Working data:
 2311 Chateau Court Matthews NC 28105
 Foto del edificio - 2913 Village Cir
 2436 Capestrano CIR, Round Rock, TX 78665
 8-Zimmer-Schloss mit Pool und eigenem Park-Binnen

---

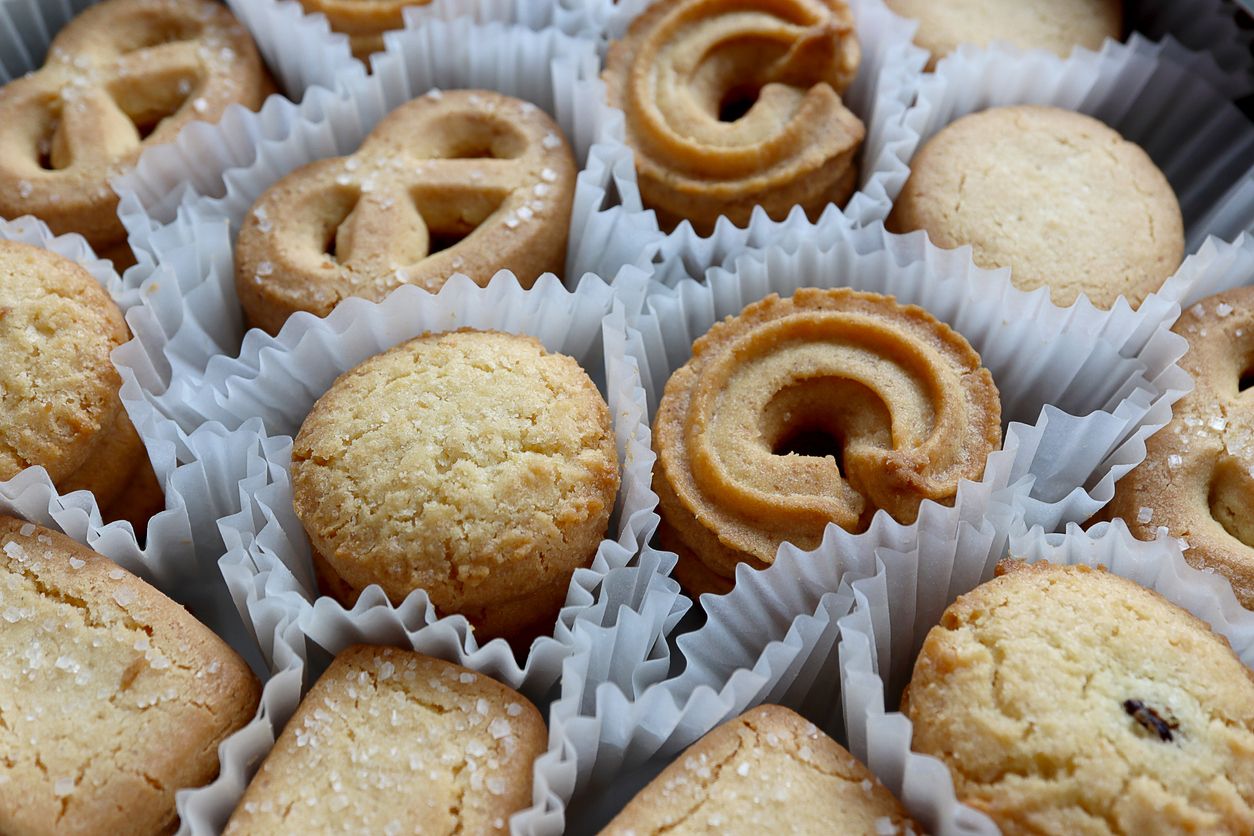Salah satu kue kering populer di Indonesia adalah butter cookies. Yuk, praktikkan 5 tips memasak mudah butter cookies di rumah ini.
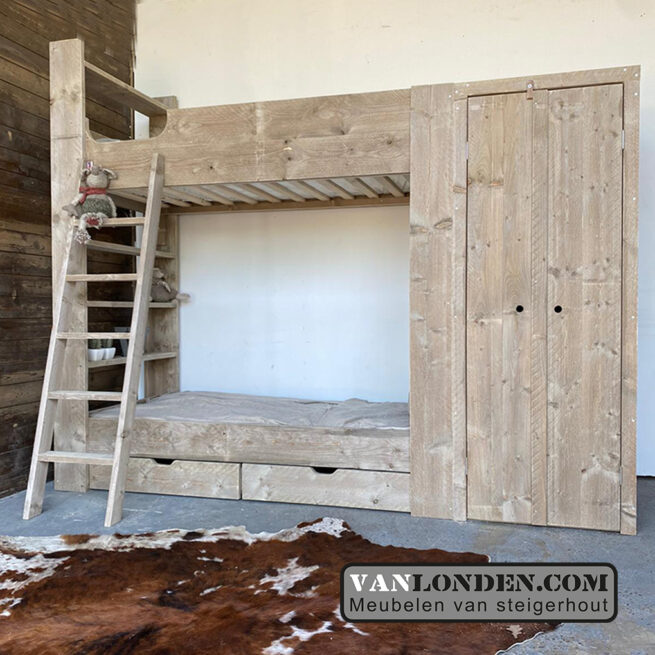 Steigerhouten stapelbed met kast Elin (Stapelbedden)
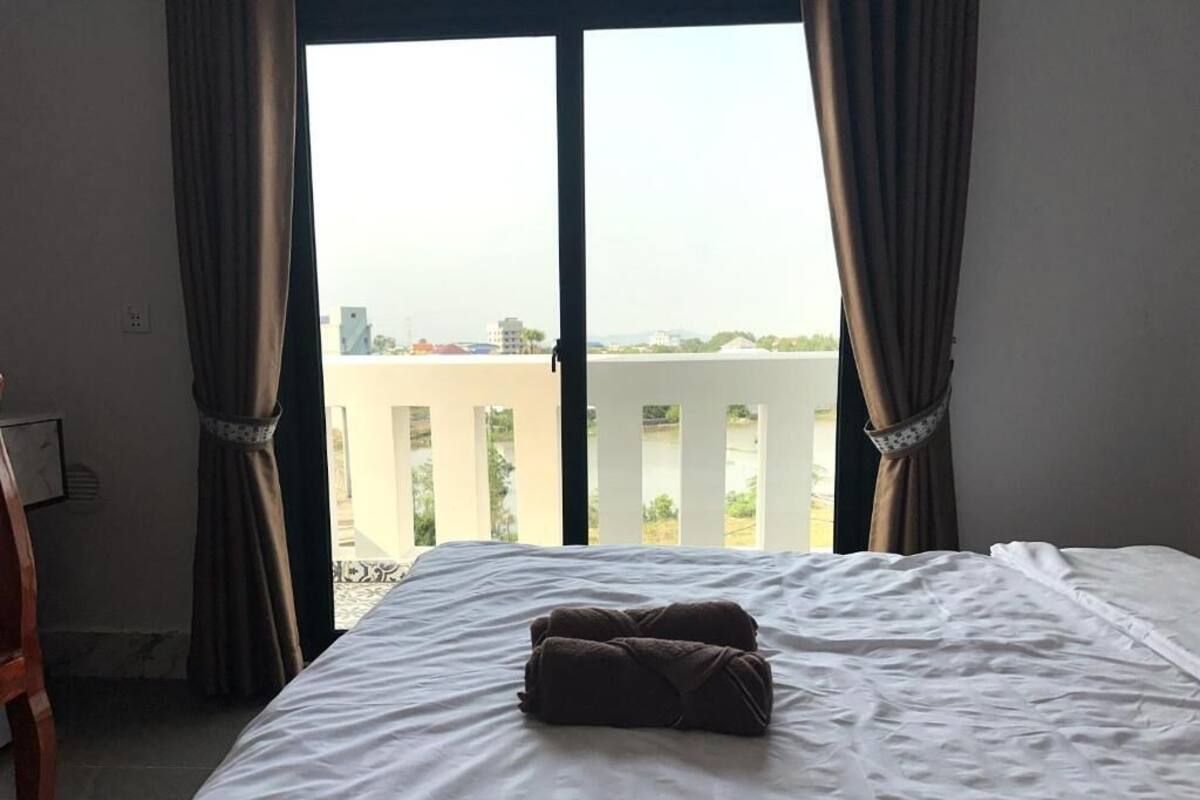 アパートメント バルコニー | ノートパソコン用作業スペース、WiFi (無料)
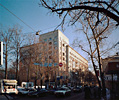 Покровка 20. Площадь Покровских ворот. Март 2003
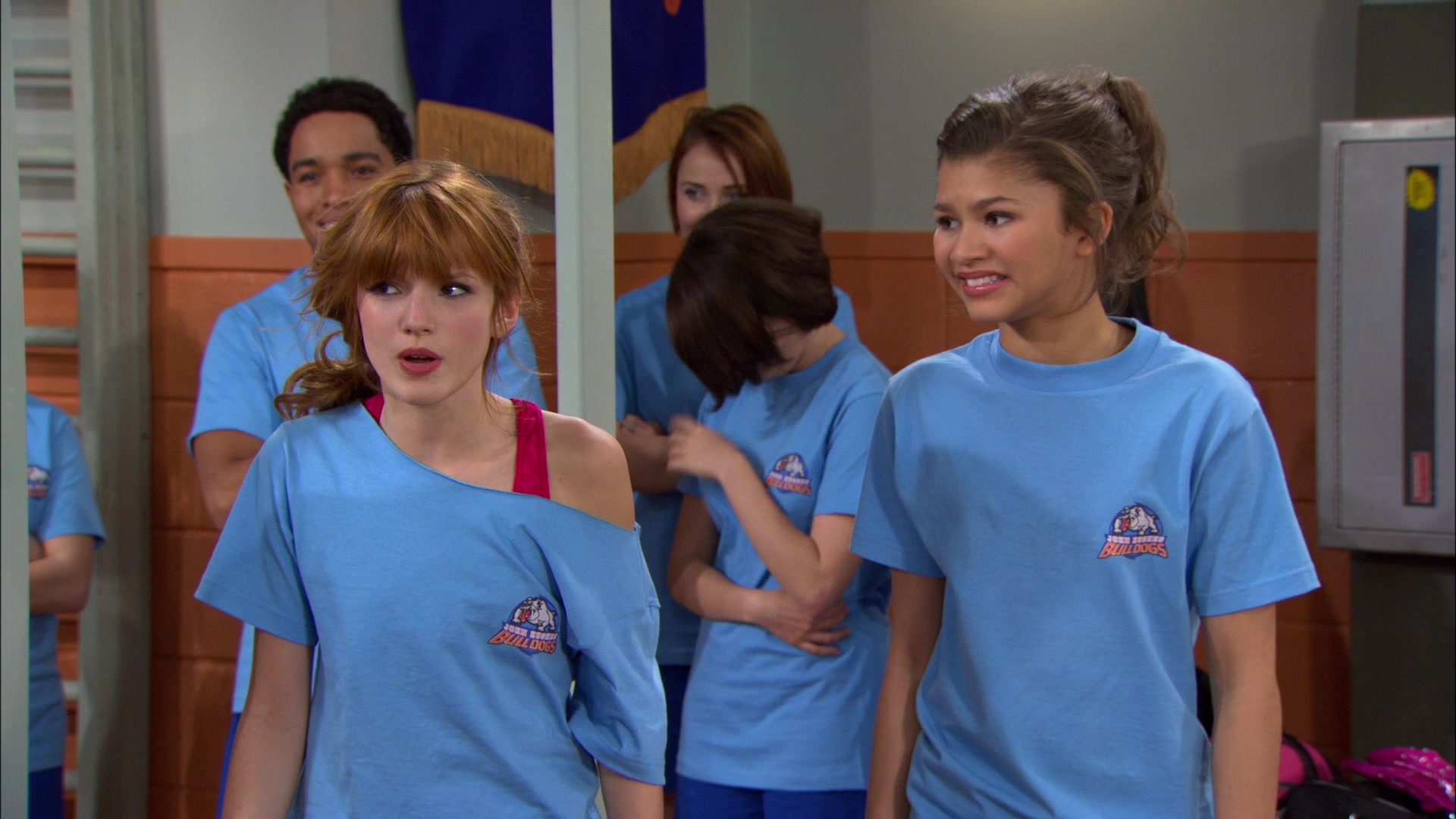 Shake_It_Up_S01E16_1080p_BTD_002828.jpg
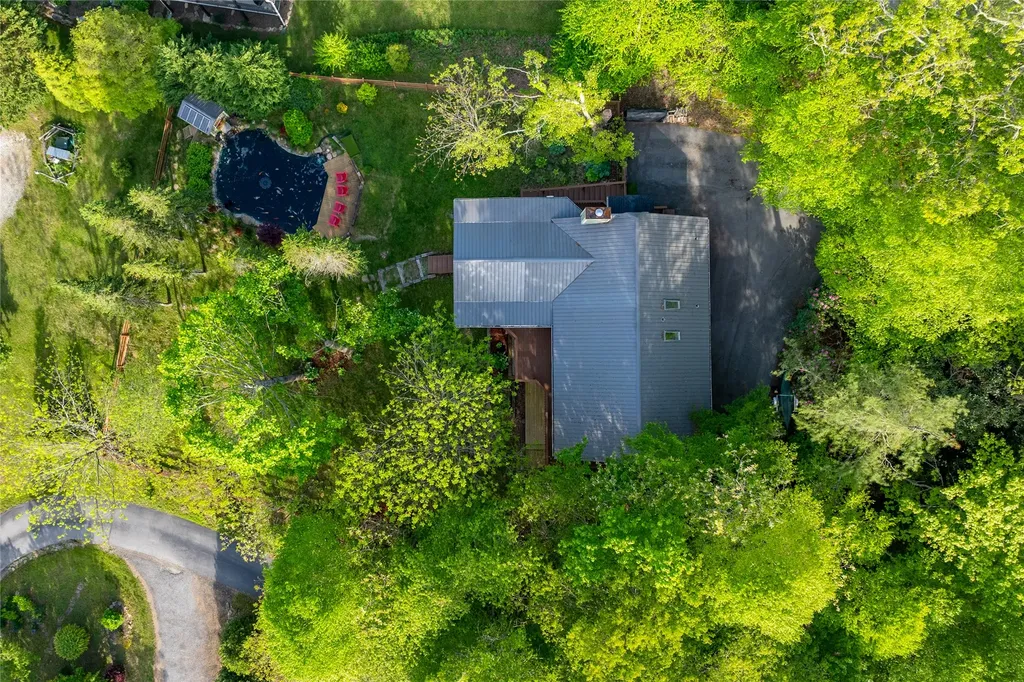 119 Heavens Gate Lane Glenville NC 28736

...

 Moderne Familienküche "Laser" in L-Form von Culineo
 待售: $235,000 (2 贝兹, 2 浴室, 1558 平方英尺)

Your assignment:
From the entries above, restate word for word the lines from the line containing "2311 Chateau Court Matthews NC 28105" to the line containing "8-Zimmer-Schloss mit Pool", both ends included, and nothing more.

Result of the task:
 2311 Chateau Court Matthews NC 28105
 Foto del edificio - 2913 Village Cir
 2436 Capestrano CIR, Round Rock, TX 78665
 8-Zimmer-Schloss mit Pool und eigenem Park-Binnen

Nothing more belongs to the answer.